As for Obama, yes, at some point he will take responsibility for the current problems... responsibility, but not the blame. Iraq, Afghanistan, torture and the economy were not his mistakes. However, the first three were intentional and direct policies of the Bush administration, not side effects of an entire governmental system.
The fact that Cheney can still hold his head high and arrogantly prance around asserting that the policies of the Bush administration were effective and justified is truly what sickens me.
In my mind, he should be the one that goes softly into the night. I greatly admire former President Bush for exactly that, he has gone into retirement and not stood on some washed-up soap box preaching holier than thou lies against the current administration.
Interesting counter points. A response if I may. Mr. Bush is not "going quietly into the night." He is being dignified, allowing the current president and administration to just do its job. (Mr. Cheney has the right to say what he wishes and respond if he feels he is being unfairly attacked.) This is something that Mr. Clinton was granted by his predecessor President George H. W. Bush. This is something that Mr. Clinton never offered to his successor even before the Iraq war.
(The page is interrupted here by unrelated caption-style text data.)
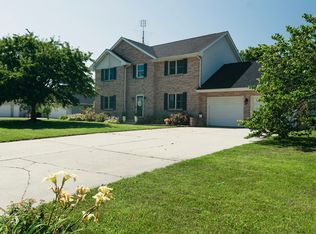 45 Oak Ridge Dr, La Salle, IL 61301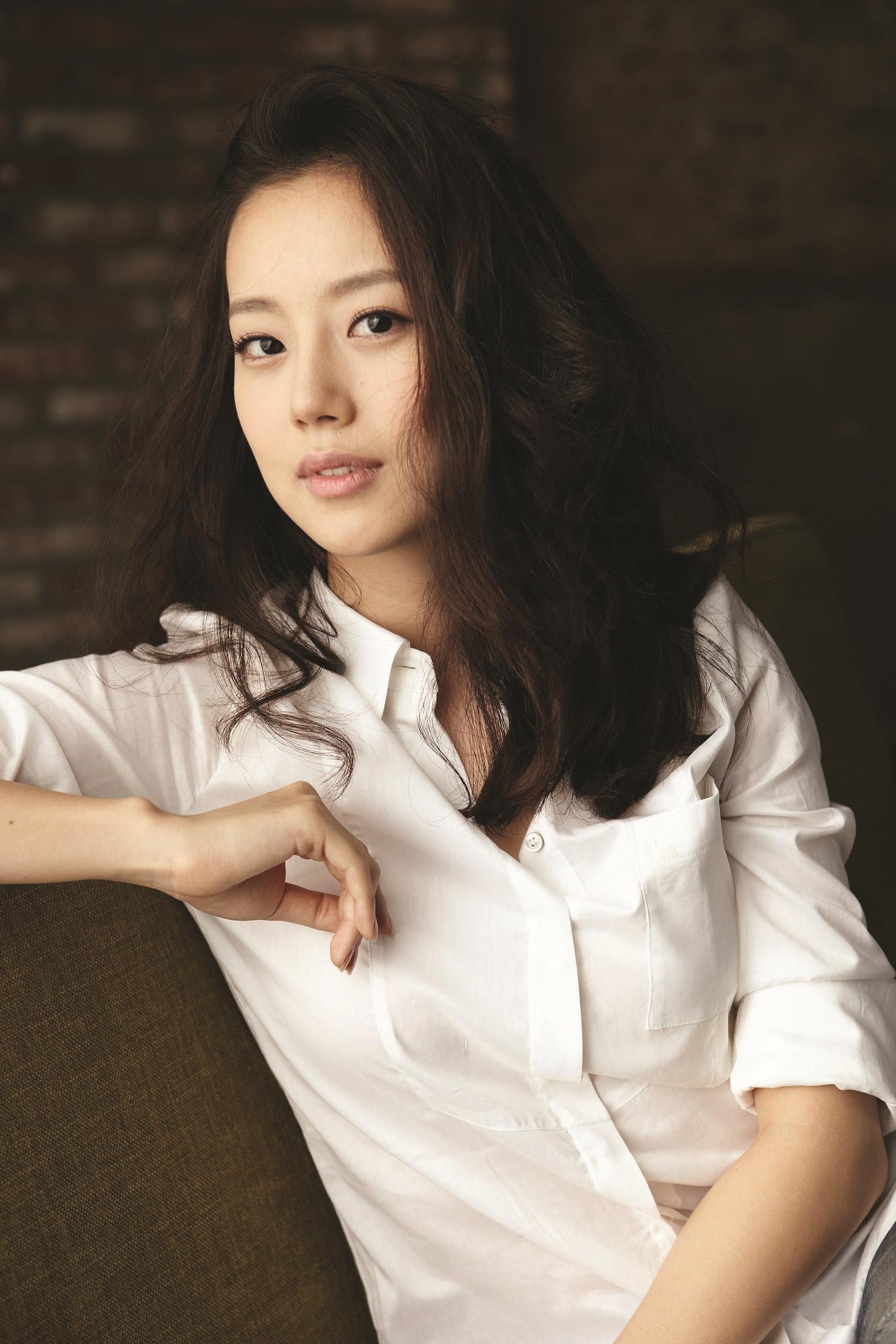 actor Moon Chae-Won large photo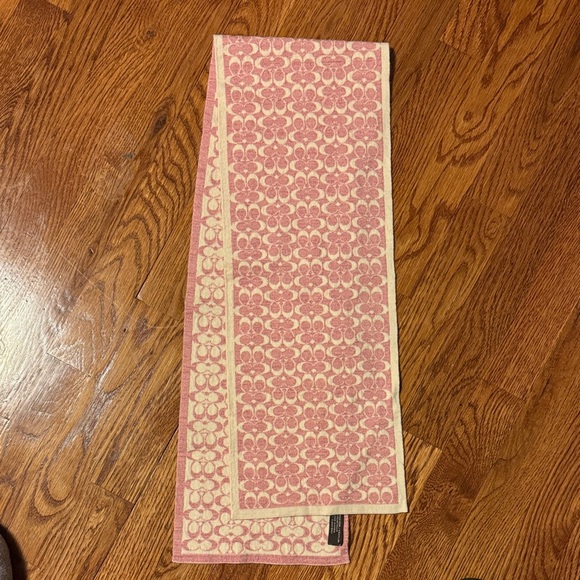 Coach Pink and Cream Sparkle Logo Scarf and Gloves Set - Picture 5 of 9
Mr. Cheney and his ilk did not send a message or wake up call to the Islamic radicals by using torture. The Bush administration put them on notice by attacking the Taliban, establishing the "Bush Doctrine" of preemptive strikes against foes who would use mass murder against our nation, stating the obvious that there was in fact an axis of evil whether you like the term or agree with it, and he invaded, for better or worse, Iraq as part of the preemptive doctrine. The torture is a red herring, a straw man. Perhaps water boarding prisoners was not our finest hour. Still, the responsibility to protect out nation from threats both foreign and domestic (largest of Constitutional duties) loomed larger than ever in our history after he 9/11 attacks. I would bet that we would be having this same discussion had Mr. Obama been in office with all the Democrats in control of congress. 9/11 was big! Perhaps we need to learn from it.
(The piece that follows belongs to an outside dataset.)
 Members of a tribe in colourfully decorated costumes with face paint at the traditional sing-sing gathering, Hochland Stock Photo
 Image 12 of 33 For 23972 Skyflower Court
I firmly believe that the efforts to make this torture issue the center piece of discussion is an overt attempt to castrate our government, to paralyze it in the future, to take away our will to "use the big stick" even defend ourselves. That may seem to be an over simplification, but I firmly believe that sometimes simplification is needed. (You Georgetown types make things so complex our nation couldn't decide to pee in its pants if it discovered they were on fire.) A JOKE! LOL
The Blackwater men knew the job was dangerous when they took it. Their deaths, though regrettable, were not unpredictable. They were, perhaps if you would allow, there trying to do some good for the people of Felluja... in the long run. They were protecting diplomats. To equate their presence and mission to the intent and acts that took place on 9/11 is not credible. To equate beheadings, burnings, mutilations with waterboarding is a stretch too. The visural nature of the Islamic fanatics is certainly different. I don't believe we should put it aside and consider it some "little theological oddity."
We've been fighting to avoid the next WWII since that war ended. I didn't bring WWII up in my piece, I brought up Pol Pot. That is brutality. That was 9/11. We sat still on Cambodia, didn't beat up a soul. Didn't lift a finger. 2 million butchered. NO MAS.
My view, Mr. Bush, Mr. Cheney, the Joint Chiefs, Senate, House lanced a boil that needed to be lanced. The focus of the world needs to be on Islamic terror and modernity. If it is on waterboarding we are doomed to repeat 9/11. Cleaning up a lanced boil is always messy.